## Work instruction
From the listing below, reproduce exactly the lines starting with the one with "picking set attributes" and going on through the one with "Tiny photo for", both ends kept. No picture is copied.

## Given data

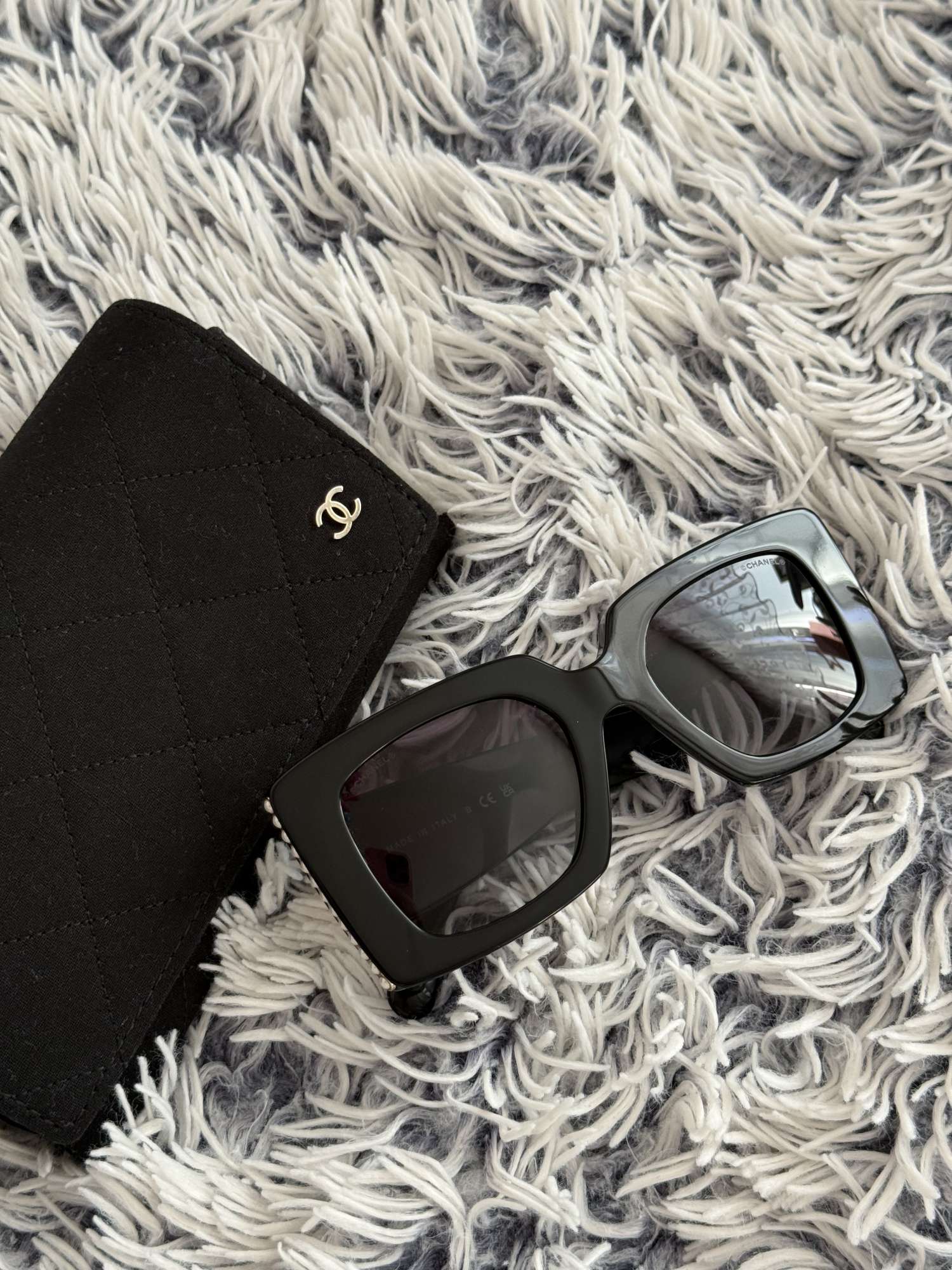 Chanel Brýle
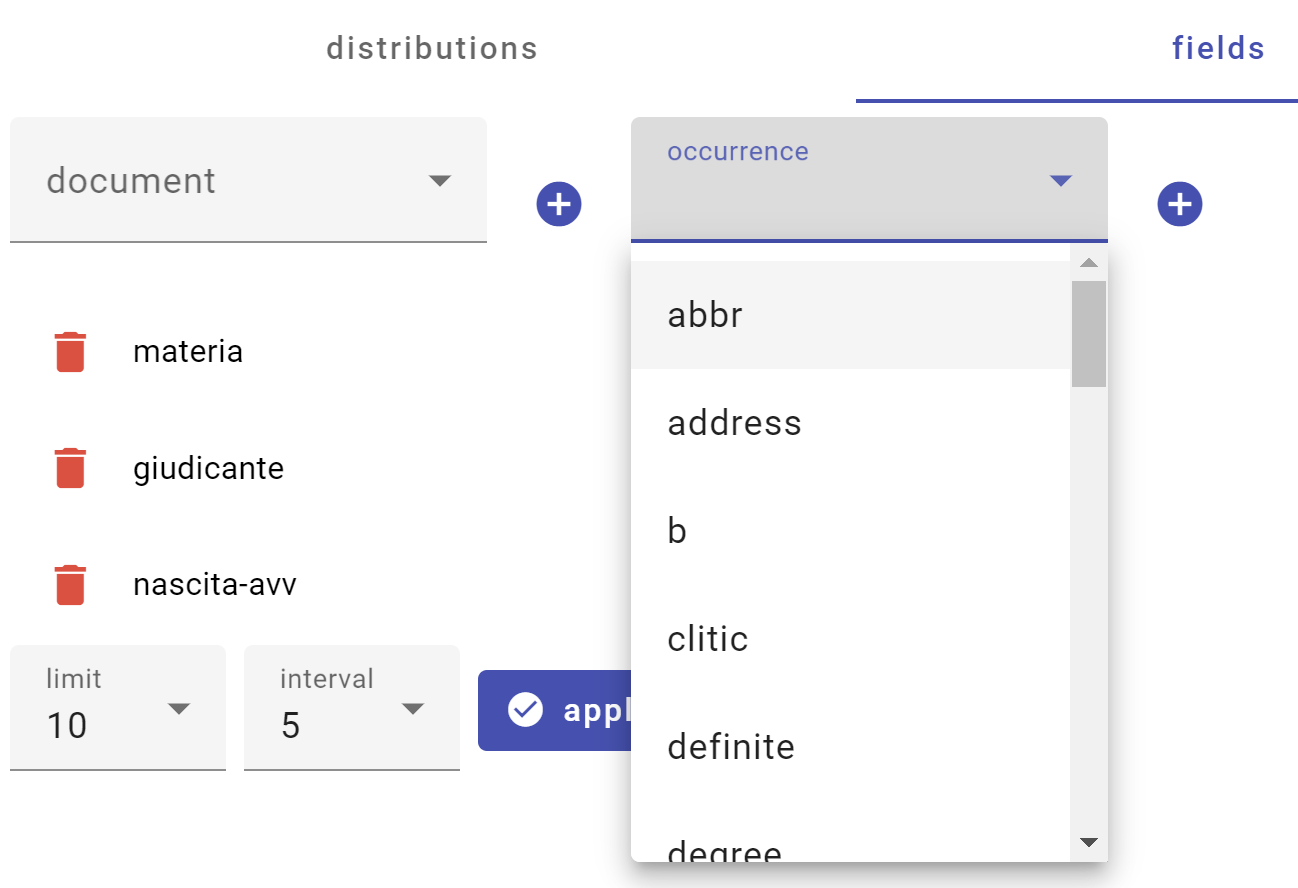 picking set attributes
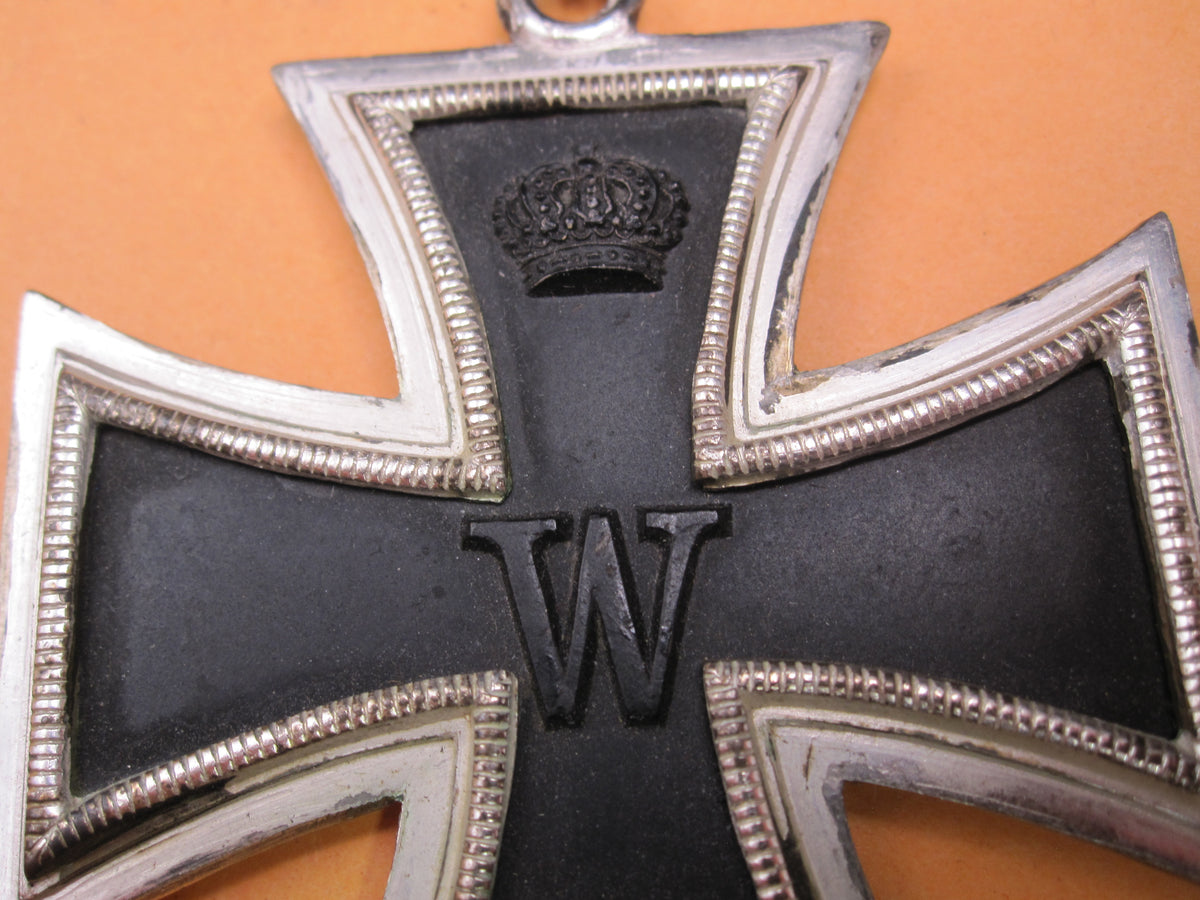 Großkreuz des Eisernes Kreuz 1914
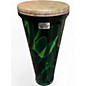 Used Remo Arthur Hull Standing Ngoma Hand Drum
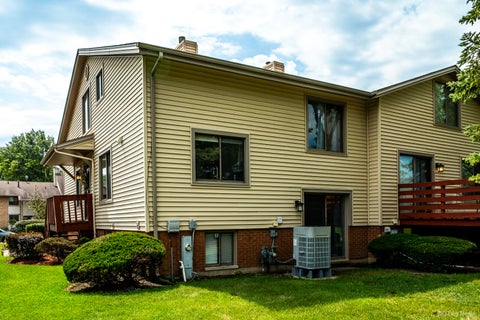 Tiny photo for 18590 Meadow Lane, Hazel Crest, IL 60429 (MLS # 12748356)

==

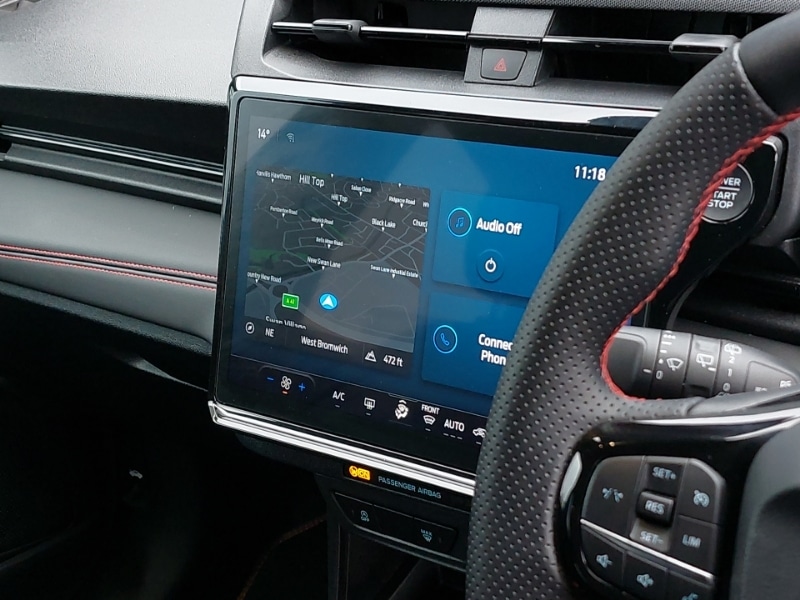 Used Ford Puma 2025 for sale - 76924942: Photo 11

* * *

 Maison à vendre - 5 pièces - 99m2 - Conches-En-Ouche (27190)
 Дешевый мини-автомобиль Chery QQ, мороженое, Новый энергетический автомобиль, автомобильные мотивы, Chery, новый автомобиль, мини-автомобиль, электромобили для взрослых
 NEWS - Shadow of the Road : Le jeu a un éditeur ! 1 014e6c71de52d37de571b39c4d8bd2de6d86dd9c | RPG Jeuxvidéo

## Result
 picking set attributes
 Großkreuz des Eisernes Kreuz 1914
 Used Remo Arthur Hull Standing Ngoma Hand Drum
 Tiny photo for 18590 Meadow Lane, Hazel Crest, IL 60429 (MLS # 12748356)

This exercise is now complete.